Steve podbiegł do bruneta chcąc go przewrócić, lecz ten odwrócił się i uderzył metalową ręką w tarczę. Obaj przez chwilę siłowali się, jednak po chwili Zimowy, złapał tarczę kapitana, odciągając ją na bok i kopną Steve'a w brzuch. Blondyn odleciał kawałek do tyłu lądując na asfalcie. Zimowy zaczął strzelać, do Steve'a, gdy ten obronił się tarczą, brunet odrzucił pistolet na bok i zeskoczył z samochodu, wyjmując mały karabin. Steve podbiegł i schował się za samochodem. Gdy brunet przeładowywał broń, Kapitan skoczył na niego wytrącając mu broń z ręki. Po chwili zaczęli walkę wręcz. Zimowy, zabrał Kapitanowi tarczę, mając nad nim chwilową przewagę. Gdy Steve ruszył na niego, ten rzucił tarczą, która wbiła się w samochód. Brunet wyciągnął nóż i zaatakował Rogersa. Steve bronił się przed każdym zadanym ciosem, czasem sam atakując. Gdy udało mu się rozbroić bruneta, zaatakował go, posyłając go na jeden z samochodów. Po chwili walki Steve został podniesiony za szyje bionicznym ramieniem i rzucony do tyłu. Mimo to szybko się podniósł i kontynuował walkę. Kolejny nóż, kolejne ataki i obrona. Steve'owi udało się zdobyć tarcze i walczył dalej. Po chwili udało mu się, odrzucić Zimowego, przy okazji zrzucając jego maskę. Brunet przeturlał się kawałek, po czym wstał ukazując swoją twarz.

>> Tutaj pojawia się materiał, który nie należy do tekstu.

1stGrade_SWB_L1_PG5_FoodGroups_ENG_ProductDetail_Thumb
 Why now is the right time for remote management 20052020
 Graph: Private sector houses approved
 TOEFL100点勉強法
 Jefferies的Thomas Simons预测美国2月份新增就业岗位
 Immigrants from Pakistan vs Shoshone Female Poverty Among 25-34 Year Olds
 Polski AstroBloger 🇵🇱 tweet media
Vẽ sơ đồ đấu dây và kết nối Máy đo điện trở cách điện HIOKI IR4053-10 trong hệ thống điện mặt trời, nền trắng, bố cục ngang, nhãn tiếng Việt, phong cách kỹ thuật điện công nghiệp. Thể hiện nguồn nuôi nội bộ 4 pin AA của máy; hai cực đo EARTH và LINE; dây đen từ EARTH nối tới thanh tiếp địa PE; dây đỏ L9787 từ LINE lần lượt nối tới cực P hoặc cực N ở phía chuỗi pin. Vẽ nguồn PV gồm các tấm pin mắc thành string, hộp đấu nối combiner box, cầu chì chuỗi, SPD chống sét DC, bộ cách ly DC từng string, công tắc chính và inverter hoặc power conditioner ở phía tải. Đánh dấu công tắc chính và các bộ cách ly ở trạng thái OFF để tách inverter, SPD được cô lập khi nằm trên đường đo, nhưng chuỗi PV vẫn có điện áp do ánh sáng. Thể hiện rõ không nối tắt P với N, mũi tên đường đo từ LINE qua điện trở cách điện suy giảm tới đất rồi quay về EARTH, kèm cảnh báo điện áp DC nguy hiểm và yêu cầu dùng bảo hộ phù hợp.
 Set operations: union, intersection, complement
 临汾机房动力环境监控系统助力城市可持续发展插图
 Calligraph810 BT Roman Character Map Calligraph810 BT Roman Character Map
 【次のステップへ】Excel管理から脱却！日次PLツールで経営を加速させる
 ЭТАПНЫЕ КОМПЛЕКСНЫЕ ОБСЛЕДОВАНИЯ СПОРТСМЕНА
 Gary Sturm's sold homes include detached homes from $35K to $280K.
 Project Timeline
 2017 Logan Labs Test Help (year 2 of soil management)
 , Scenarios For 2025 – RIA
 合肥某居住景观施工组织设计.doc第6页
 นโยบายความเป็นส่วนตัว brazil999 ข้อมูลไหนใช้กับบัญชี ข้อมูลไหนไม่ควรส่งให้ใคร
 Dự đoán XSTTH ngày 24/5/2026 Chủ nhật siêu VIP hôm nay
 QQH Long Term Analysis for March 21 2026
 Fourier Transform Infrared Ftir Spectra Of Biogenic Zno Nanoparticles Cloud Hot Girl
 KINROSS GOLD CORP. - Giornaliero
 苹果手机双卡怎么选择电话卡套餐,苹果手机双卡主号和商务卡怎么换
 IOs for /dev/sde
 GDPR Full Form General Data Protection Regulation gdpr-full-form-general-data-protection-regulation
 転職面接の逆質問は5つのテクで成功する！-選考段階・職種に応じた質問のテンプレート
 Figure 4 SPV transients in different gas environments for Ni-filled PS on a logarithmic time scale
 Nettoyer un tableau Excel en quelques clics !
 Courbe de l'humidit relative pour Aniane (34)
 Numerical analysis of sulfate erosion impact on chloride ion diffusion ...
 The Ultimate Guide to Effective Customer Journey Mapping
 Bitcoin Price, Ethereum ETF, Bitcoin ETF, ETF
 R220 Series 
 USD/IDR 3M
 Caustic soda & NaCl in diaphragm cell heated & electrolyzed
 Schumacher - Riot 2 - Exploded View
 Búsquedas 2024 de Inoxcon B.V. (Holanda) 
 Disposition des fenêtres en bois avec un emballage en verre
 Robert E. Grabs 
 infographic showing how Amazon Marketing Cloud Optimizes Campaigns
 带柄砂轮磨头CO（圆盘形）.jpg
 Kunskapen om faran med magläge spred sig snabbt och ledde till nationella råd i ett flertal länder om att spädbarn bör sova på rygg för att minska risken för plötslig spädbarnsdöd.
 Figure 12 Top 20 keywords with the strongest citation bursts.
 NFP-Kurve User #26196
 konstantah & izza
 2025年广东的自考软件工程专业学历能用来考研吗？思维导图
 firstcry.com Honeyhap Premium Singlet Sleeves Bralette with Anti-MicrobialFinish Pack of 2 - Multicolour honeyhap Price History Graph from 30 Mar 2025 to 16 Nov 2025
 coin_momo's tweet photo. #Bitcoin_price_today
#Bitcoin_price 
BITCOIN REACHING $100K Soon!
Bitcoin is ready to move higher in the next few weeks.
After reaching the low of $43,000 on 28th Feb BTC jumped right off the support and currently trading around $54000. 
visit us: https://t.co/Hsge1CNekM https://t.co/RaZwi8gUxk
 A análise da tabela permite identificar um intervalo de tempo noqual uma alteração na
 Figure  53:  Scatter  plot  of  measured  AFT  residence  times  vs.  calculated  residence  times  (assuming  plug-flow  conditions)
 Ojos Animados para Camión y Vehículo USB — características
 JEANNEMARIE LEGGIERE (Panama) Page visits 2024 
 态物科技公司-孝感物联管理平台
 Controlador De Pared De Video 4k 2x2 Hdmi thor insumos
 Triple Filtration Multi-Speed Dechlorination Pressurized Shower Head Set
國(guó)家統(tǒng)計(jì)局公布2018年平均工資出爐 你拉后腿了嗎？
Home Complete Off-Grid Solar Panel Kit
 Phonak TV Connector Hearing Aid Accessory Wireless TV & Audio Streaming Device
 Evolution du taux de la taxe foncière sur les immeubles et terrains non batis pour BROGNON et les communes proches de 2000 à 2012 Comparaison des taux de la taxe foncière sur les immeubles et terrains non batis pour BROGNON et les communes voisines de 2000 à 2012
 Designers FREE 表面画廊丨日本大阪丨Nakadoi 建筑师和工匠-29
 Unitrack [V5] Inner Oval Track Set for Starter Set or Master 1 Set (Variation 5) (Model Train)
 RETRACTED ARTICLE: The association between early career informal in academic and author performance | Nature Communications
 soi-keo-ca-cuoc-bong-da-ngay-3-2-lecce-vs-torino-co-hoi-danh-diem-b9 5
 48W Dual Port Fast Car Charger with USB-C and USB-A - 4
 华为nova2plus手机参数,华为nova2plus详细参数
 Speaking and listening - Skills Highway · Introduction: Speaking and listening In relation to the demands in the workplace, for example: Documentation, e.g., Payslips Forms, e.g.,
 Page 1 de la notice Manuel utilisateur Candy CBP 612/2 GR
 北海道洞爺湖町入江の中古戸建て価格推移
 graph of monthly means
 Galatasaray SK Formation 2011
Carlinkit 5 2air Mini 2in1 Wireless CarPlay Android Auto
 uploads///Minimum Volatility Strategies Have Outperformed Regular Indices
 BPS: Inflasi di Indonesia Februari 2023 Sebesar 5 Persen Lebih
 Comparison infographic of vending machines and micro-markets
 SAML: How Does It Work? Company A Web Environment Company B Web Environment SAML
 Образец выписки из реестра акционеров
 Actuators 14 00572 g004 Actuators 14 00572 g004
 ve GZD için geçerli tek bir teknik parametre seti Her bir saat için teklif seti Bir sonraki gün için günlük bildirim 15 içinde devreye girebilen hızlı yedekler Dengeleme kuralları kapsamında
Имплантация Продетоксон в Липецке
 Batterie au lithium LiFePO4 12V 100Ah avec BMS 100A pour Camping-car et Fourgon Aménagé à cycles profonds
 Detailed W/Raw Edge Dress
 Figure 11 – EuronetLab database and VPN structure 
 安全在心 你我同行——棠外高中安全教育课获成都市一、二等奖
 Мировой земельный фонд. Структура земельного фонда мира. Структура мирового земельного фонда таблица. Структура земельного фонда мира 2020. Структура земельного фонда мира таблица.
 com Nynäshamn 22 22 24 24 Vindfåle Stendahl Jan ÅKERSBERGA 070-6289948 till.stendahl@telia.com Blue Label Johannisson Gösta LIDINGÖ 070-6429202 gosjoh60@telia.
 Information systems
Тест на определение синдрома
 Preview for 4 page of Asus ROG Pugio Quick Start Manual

- Bucky? - spytał zszokowany Steve.

- Kim do cholery jest Bucky? - Spytał groźnie ruszając na blondyna. W tym momencie nadleciał Falcon, przewracając Bucky'ego. Brunet podniósł się szybko, strzelając do Kapitana, jednak nie trafił, a mi udało się w końcu zdobyć, porzuconą przez niego broń i podpierając się o samochód wystrzeliłam w stronę bruneta pocisk. Brunet zrobił unik, ale po wybuch nie było go już widać. Nagle na miejsce zdarzenia nadjechało kilka czarnych furgonetek. Agenci opuścili samochody i otoczyli nas celując do nas z karabinów. Puściłam trzymaną przeze mnie broń i oparłam się o samochód. Agenci podeszli do mnie i skuli moje ręce kajdankami, ciągnąc mnie do samochodu. Usiadłam na tylnym siedzeniu opierając głowę o ścianę samochodu. Na przeciwko mnie posadzili Sama, a obok mnie Steve'a.

- To był on – odezwał się po chwili Steve, patrząc nieprzytomnym wzrokiem na podłogę. - Patrzył mi w oczy, ale mnie nie poznał.

- Stary daj spokój, minęło siedemdziesiąt lat – powiedział Sam.

- Zola. Odział Bucky'ego dostał się do niewoli robili na nim eksperymenty. Jakoś odratował Bucky'ego po upadku. Jakoś go znalazł i...

- Nie twoja winna, Steve – przerwałam mu, słabym głosem opierając głowę na jego ramieniu. Blondyn przeniósł swój wzrok na mnie i ocknął się.

- Ona potrzebuje pomocy – zwrócił się ostro do strażników. - Jeśli jej nie opatrzycie zaraz się tu wykrwawi. - Strażnik uniósł tylko pałkę na prąd i włączył ją ostrzegawczo. Steve już chciał coś powiedzieć, ale przerwałam mu.

- Daj spokój, dam radę - po moich słowach, strażnik grożący Steve'owi, zamachnął się i obezwładnił drugiego strażnika. Po chwili zdjął hełm i ukazała nam się Maria Hill.

- Ten nocnik uciska na mózg – westchnęła patrząc na kask. - Co to za jeden? - spytała patrząc na Sama. Gdy furgonetka jechała, Hill wycięła dziurę w podłodze, którą uciekliśmy. Na ulicy czekał już na nas drugi samochód. Wsiedliśmy do niego i ujrzałam Natashe, za kierownicą.

- Dobrze cię widzieć - uśmiechnęła się do mnie rudowłosa.

- Powiedziałabym to samo, ale jak na razie to kiepsko widzę. - uśmiechnęłam się słabo, siadając na fotelu. Steve usiadł obok mnie obejmując mnie ramieniem. Hill podała mu gazę, którą przycisnął do mojego ramienia. Wyjechaliśmy z miasta, kierując się w stronę lasu. Oparłam głowę o ramię Steve'a przymykając oczy.